The idea of something being treated as either a flute or a violin
sounds like duck typing :) What I'm saying, in those terms, is that
I don't consider Ruby itself to be a Ruby object. It's
interesting.... I've thought for a long time that the flexibility and
dynamism of Ruby objects sometimes rubs off on people's views of the
language itself, so that the perception, expectation, or desire is for
Ruby itself to be untyped, open, malleable, and so forth. (Or is that
'mallardeable'? :) I tend to think of Ruby, instead, as a quite
stable and distinctive thing whose stability supports the dynamism of
the objects.

But at that level it's fine to agree to disagree; there is of course
nothing whatsoever wrong with experimentation. I guess my more
concrete fear -- and I tend to feel this way about all interpreter
patches -- is that people will start releasing programs that depend on
the patch. At that point, it would be better to do an outright fork
of Ruby. But hopefully that won't be an issue. Mainly I just tend to
agree with Hal that this particular change affects the whole profile
and identity of the language.


David
 
S

Steven Jenkins

David said:
Just so Hal doesn't feel all alone, I'll put in a note of skepticism
:) I'm not eager for Ruby to have, in essence, no fixed syntax. I
think Ruby's strength lies largely in its specificity as a language --
a language that is good at domain-specific things, but still a
particular language -- and if it were turned into a kind of
proto-language, I would feel a sense of loss. Also, I don't want to
have to learn new syntactic rules every time I want to read a program
or use a library.

I agree with Hal and David. Part of what appeals to me about Ruby (or
any other language) is identity or integrity--in essence, having a Ruby Way.

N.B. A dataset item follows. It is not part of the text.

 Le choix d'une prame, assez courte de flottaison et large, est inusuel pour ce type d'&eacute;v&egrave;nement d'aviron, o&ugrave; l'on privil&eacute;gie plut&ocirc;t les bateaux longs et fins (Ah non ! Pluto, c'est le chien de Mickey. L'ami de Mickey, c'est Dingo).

I don't complain about it, but I find the substantial volume of traffic
on ruby-talk comparing Ruby to this or that language, or discussing how
to make Ruby more like this or that, tiresome. I read ruby-talk to
become more expressive and powerful in (this) Ruby, and I really don't
care how it stacks up in a Consumer Reports-style feature comparison.

I'm especially wary of extensions to syntax. I don't mind looking up
semantics, but I want to handle syntax without help.

Steve
 
M

Markus

the problem I can see is: +,*,- have a ,more or less obvious semantic.
You can expect them to be implemented to be similar things in diffenret
domains.
The problem is: given that -> is not a standard operator, what could
happen if Angelina and Joe Automator implement themselve it for
different things?

I mean, one could intend it as a function definition operator, while
the other could use it to indicate movements of an hunter in the usual
wumpus labyrinth. then their two library would be completely incompatible.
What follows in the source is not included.